Data segment ▸
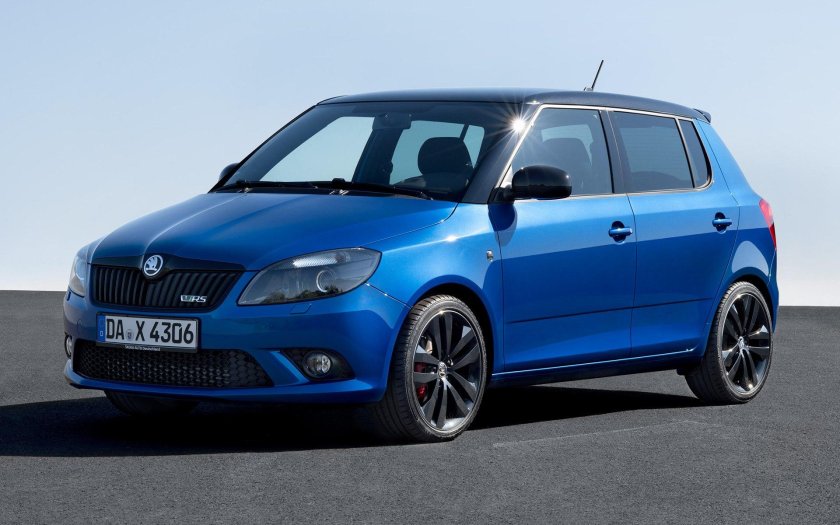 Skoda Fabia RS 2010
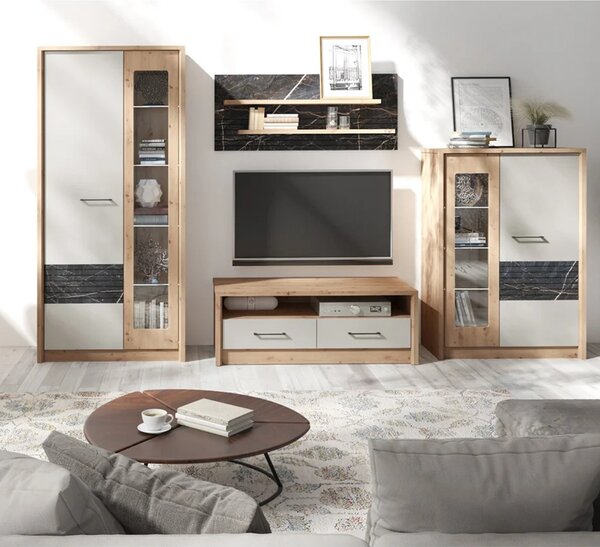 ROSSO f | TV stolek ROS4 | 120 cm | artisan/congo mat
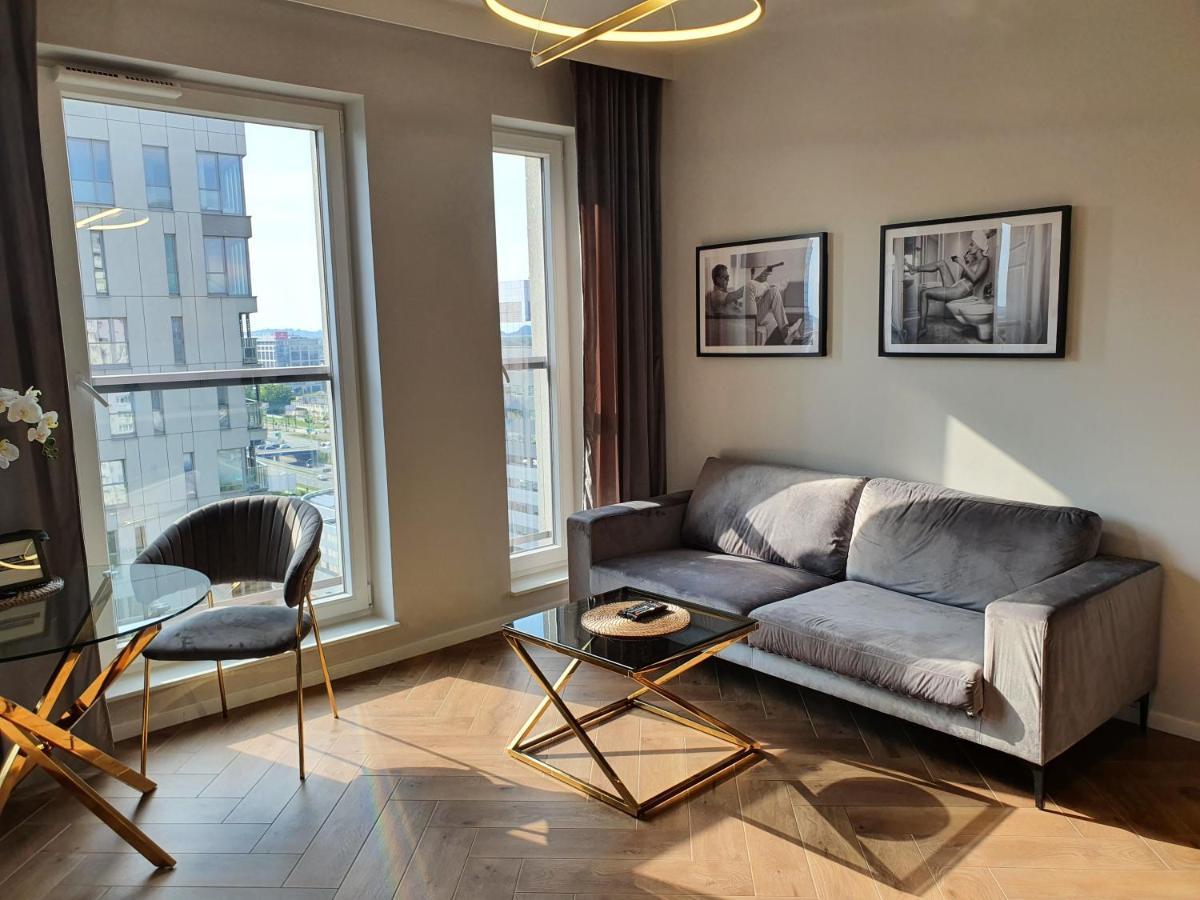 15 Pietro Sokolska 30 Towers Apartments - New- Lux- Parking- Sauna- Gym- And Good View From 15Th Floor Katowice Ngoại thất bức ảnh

What you need to do ▸
Only the pictures are to be dropped; return everything else in the listing exactly.

Task solution ▸
 Skoda Fabia RS 2010
 ROSSO f | TV stolek ROS4 | 120 cm | artisan/congo mat
 15 Pietro Sokolska 30 Towers Apartments - New- Lux- Parking- Sauna- Gym- And Good View From 15Th Floor Katowice Ngoại thất bức ảnh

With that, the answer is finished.